漱石の作品が発表されたのが1905年から1907年ですから、「吾輩は〇〇である」の特許があるとすれば、漱石の特許になりそうです。
今回の『吾輩はカモである』の邦題をつけた人も、漱石の「猫である」から「カモである」を思いついた(?)のかもしれません。
「カモである」の舞台は、フリードニア共和国という架空の国です。同国は財政難で、発言力のある女性が、わが国には新首相が必要だとして、ルーファス・T・ファイアフライが新首相に任命されます。
それを演じるのがマルクス兄弟の長兄、グルーチョ・マルクス(1890~1977)です。
ネットの事典ウィキペディアで本作について調べると、本作でデタラメなことをする連中は皆マルクス兄弟であることがわかります。
「デタラメ」なんて言葉では到底表せないほどの「デタラメ」ぶりです。作品は1時間10分ですが、はじめから終わりまで、絶するほどのデタラメさで描かれています。
散々デタラメなことを作品の中でしておきながら、ルーファス首相を演じたグルーチョ・マルクス自身、本作を「狂気が過ぎている」として、失敗作とみなした、とウィキペディアに書かれています。
マルクス兄弟の長男のチコ・マルクス(1887~1961)と次男のハーポ・マルクス(1888~1964 本作では一言もしゃべりません)が、レモネード売りの男を延々とからかう場面があります。レモネード売りは、大きな体で、頭のてっぺんが禿げています。
チコリーニ(チコ)とピンキー(ハーポ)はいつも帽子をかぶっており、レモネード売りが被っている帽子と、次々にひょいひょいと帽子を交換し、レモネード売りをイライラさせます。
文字で書いても、動きの面白さは表せません。動画で見てもらうほうがはやいです。動画を埋め込もうと思いましたが、埋め込めない設定になっています。
下のリンクから動画をご覧ください。レモネード売りだったら、怒りで頭が爆発しそうになるでしょう。
ルーファス首相そうっくりに変装した兄弟のチコリーニかピンキーのいずれかが、鏡に映っているように錯覚させようとする場面は秀逸です。これも、動画で見てもらうのははやいです。

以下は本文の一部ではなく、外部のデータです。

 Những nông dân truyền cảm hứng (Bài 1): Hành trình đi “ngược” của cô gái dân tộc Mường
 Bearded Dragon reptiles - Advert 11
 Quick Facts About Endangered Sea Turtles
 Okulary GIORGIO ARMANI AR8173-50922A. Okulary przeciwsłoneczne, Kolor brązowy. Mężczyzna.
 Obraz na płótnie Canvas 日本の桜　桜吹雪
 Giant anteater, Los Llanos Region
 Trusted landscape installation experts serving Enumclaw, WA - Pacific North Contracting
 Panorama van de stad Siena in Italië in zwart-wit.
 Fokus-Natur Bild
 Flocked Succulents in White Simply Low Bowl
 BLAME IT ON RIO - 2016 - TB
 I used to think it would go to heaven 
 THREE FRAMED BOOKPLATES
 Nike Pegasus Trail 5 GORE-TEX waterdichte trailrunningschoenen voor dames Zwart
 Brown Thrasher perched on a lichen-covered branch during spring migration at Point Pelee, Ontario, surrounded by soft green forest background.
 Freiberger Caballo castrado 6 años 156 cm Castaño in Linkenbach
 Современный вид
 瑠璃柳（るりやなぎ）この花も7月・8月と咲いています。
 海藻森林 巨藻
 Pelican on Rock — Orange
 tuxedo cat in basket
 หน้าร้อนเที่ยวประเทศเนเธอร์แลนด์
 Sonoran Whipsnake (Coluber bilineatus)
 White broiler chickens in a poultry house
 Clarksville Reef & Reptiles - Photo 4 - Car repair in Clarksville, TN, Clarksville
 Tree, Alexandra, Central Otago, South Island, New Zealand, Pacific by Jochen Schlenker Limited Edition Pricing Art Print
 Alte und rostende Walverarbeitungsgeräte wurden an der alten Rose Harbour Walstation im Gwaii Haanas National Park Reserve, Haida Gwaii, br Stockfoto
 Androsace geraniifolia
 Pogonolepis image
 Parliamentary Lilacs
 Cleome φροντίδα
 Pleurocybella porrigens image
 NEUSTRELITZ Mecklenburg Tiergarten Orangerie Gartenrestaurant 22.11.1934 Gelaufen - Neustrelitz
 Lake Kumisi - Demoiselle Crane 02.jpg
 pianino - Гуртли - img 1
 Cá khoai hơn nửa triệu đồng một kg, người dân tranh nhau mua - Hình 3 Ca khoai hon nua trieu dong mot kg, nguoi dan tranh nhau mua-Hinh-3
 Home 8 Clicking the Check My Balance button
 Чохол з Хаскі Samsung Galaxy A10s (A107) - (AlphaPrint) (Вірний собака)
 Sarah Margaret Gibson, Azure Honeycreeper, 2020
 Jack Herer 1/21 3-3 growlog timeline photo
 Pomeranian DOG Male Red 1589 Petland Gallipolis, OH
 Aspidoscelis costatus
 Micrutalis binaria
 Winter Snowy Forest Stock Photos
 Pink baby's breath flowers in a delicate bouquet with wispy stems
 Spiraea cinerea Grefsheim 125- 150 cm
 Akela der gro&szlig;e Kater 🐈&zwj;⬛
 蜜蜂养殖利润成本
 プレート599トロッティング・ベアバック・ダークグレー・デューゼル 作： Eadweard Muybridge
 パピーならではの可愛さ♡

よくできた場面を拾うと、よくできた作品に思えてきます。ハナ肇とクレージーキャッツやザ・ドリフターズはマルクス兄弟の影響を受けた、とウィキペディアにありますが、大いにありそうなことです。
更新しているうちに、本作は得難い作品のように思えてきました。面白い場面を抜き出して見たら、本作以上に楽しめる作品は、そうそうなさそうです(?)。